Work to complete: Where the line containing "Cabo San Lucas" appears, end the copy there, keeping that line; start from the first line of the entries, copy exactly, and omit pictures.

Dataset records:
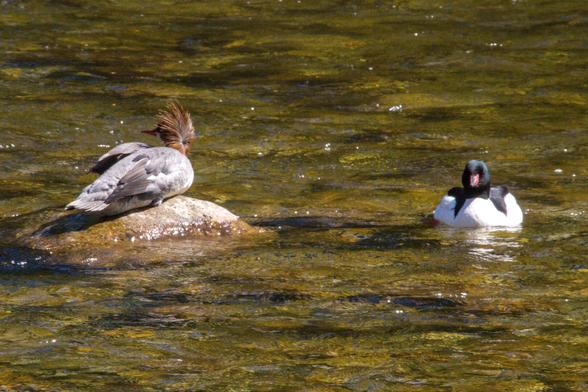 A female merganser on a rock and male merganser floating in sunny waters.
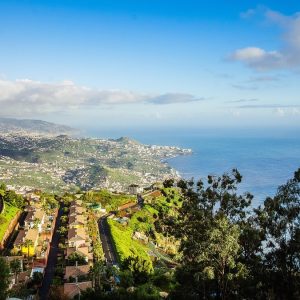 Cabo San Lucas y la Criminalidad: Estrategias de Prevención y Justicia | Justicia Penal y Derechos en Baja California Sur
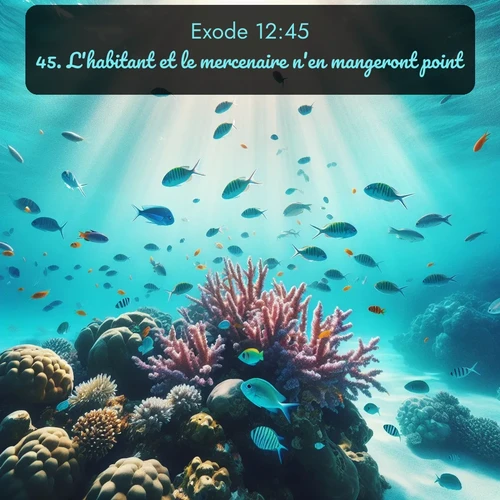 Segond Exode  ; image nature: image avec le verset biblique :L&#039;habitant et le mercenaire n&#039;en mangeront point. ;  ; 12:45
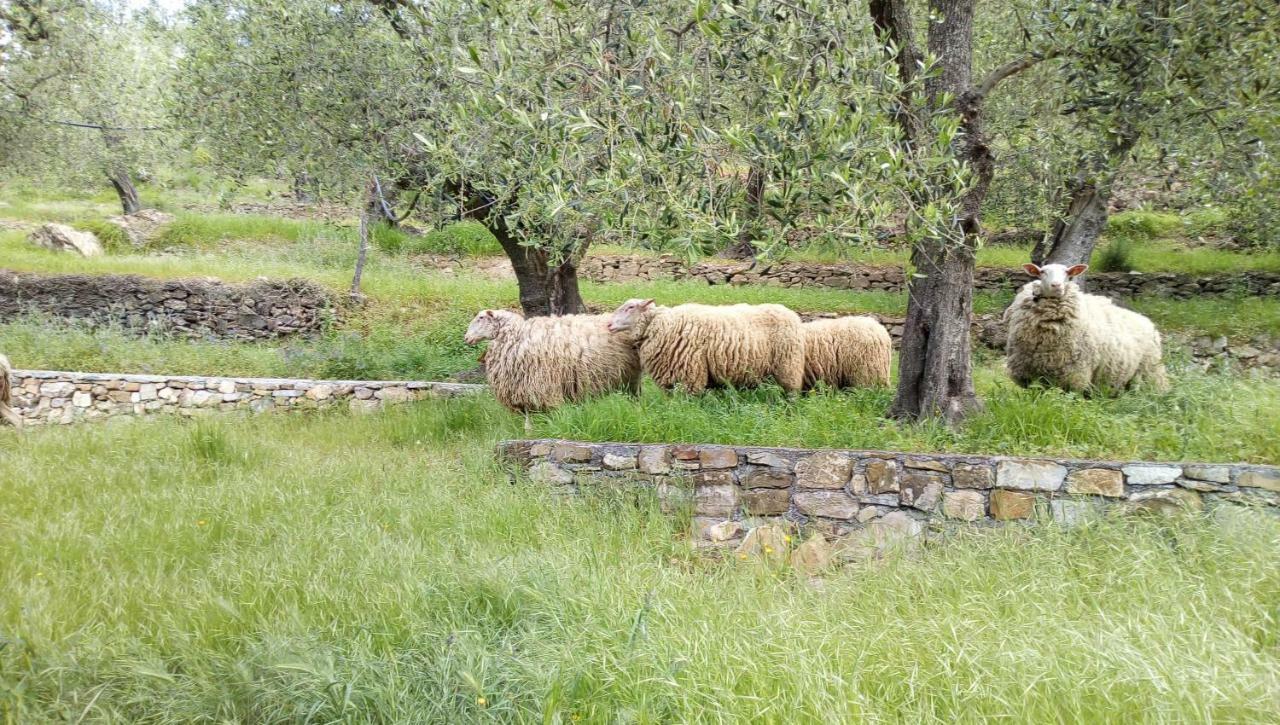 Agriturismo La Rocca San Bartolomeo Al Mare Εξωτερικό φωτογραφία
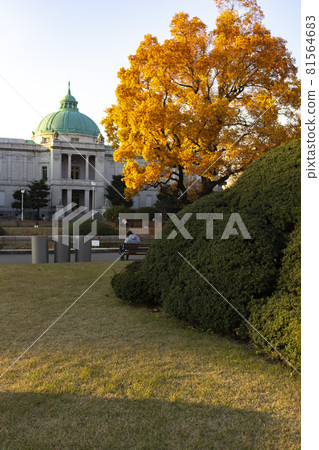 Autumn leaves in the setting sun and Hyokeikan National Museum Autumn leaves in the setting sun and Hyokeikan National Museum 81564683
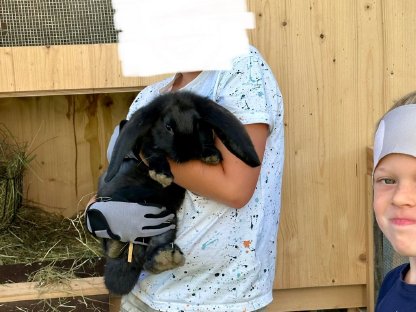 Bild 2:Deutsche Widder Hasen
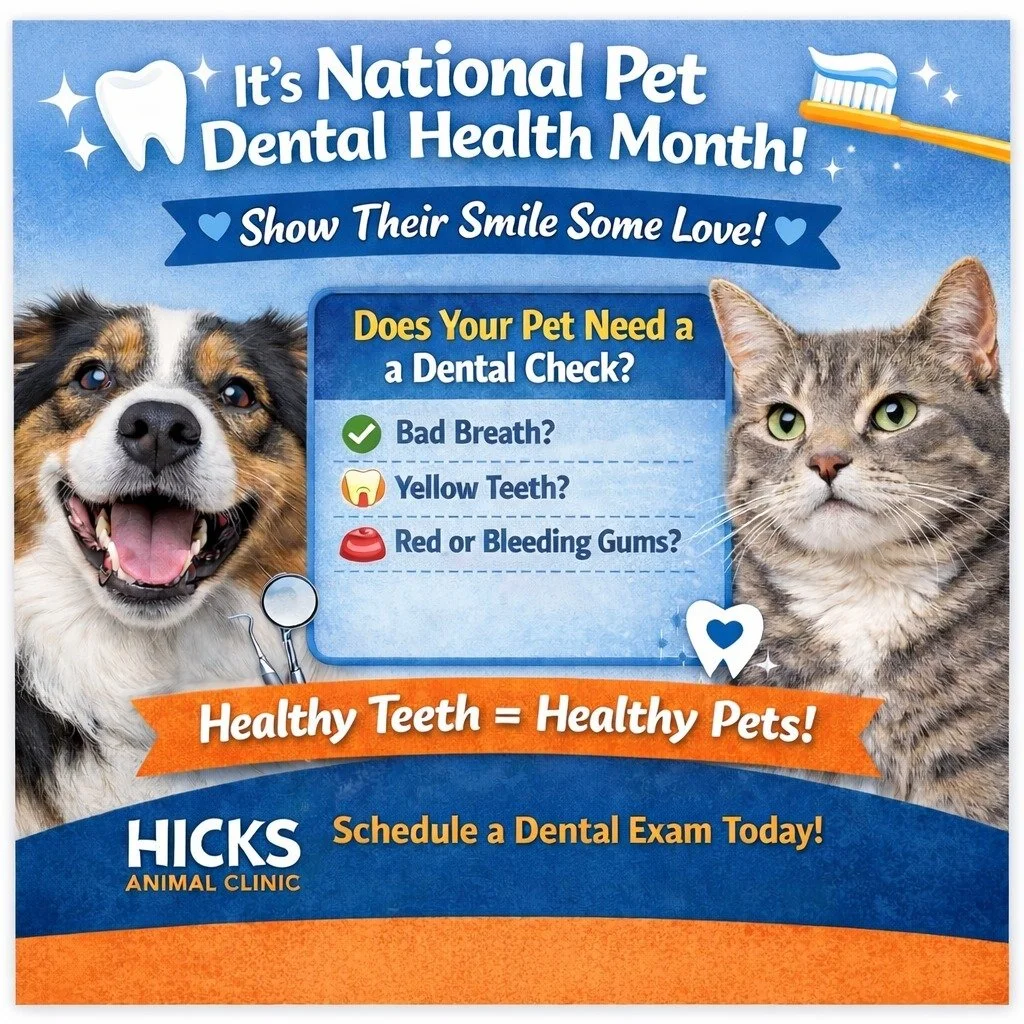 🦷✨ February is Veterinary Dental Month! ✨🦷

It&rsquo;s officially time to show your pet&rsquo;s smile some love! 💙🐾

Dental disease is one of the most common (and most overlooked) health issues in pets&mdash;and it can lead to pain, infection, an
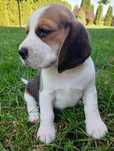 Suczka Beagle szczeniak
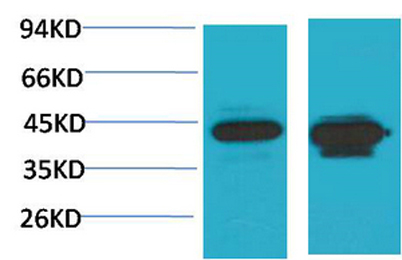 意大利贵宾会-贵宾会官方网站入口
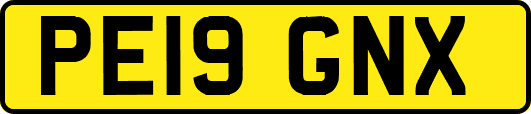 PE19GNX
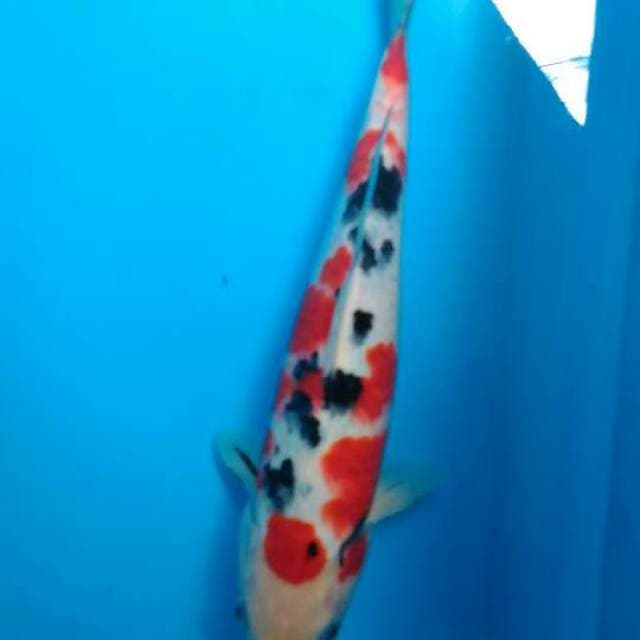 Bozu sanke 27 cm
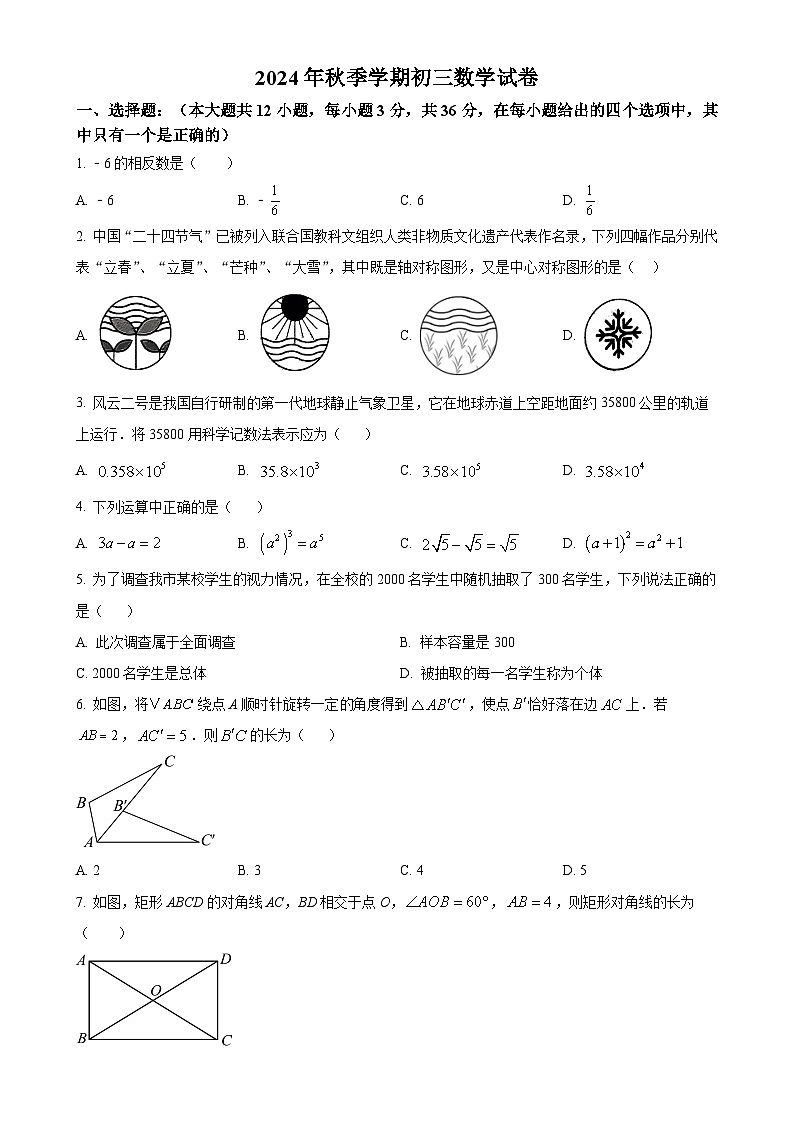 广西南宁市北大附属实验学校2024—2025学年上学期9月月考八年级数学试题（原卷版）-A4第1页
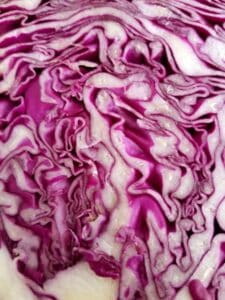 red cabbage for ph testing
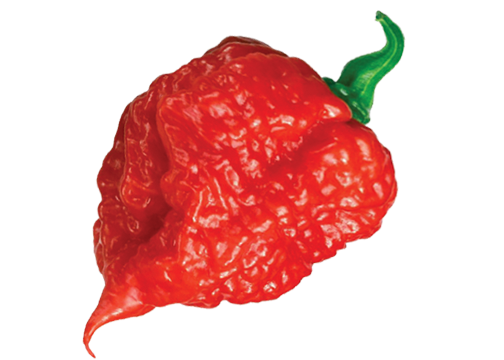 Burning Spicy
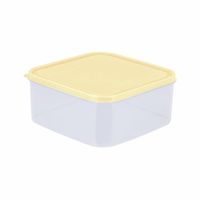 Caja conservadora Freezer N3 Beige Basa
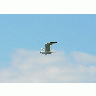 Photo Seagull Flying 3 Animal title=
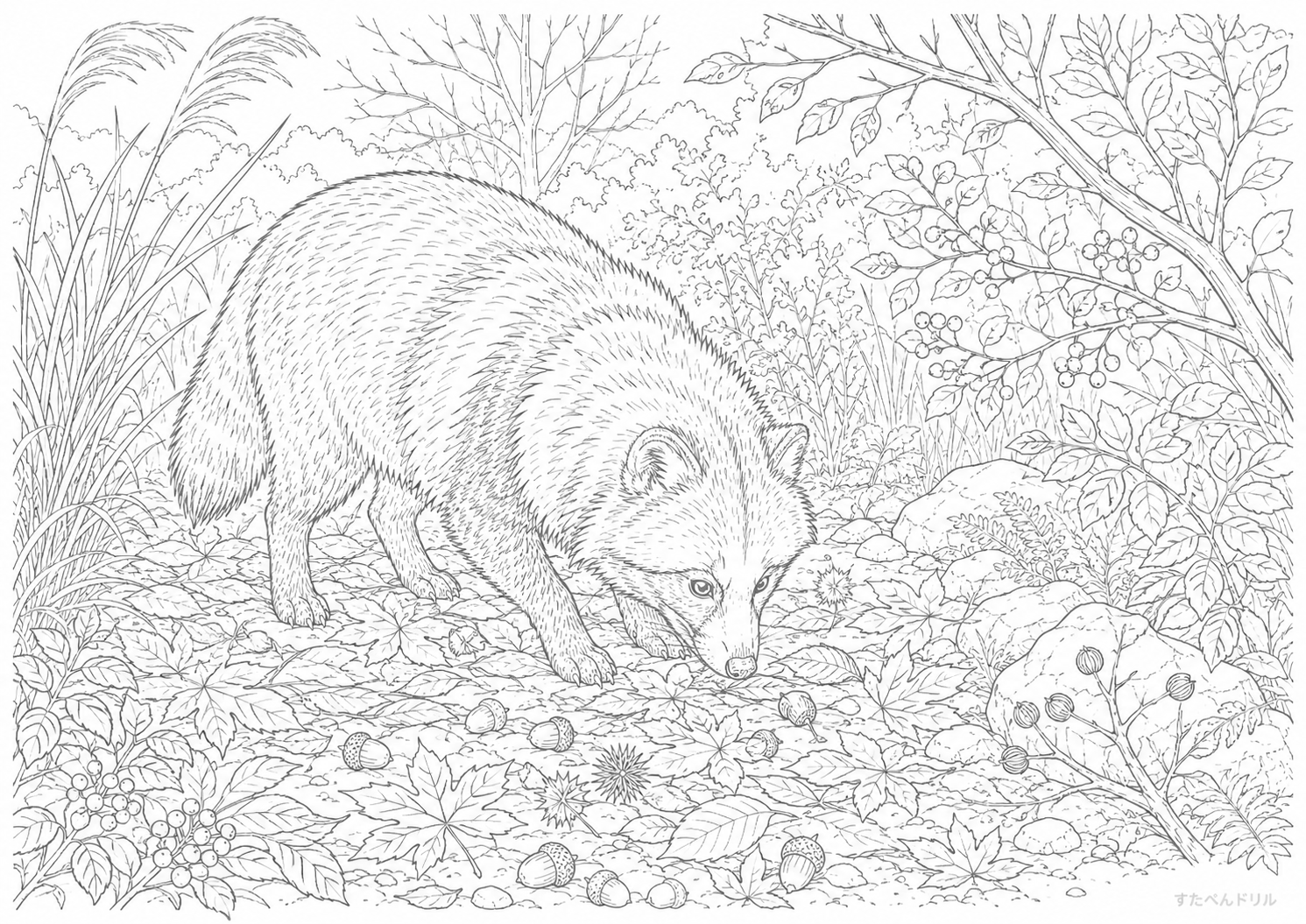 秋の森で食べ物を探すたぬき塗り絵プリント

Result below:
 A female merganser on a rock and male merganser floating in sunny waters.
 Cabo San Lucas y la Criminalidad: Estrategias de Prevención y Justicia | Justicia Penal y Derechos en Baja California Sur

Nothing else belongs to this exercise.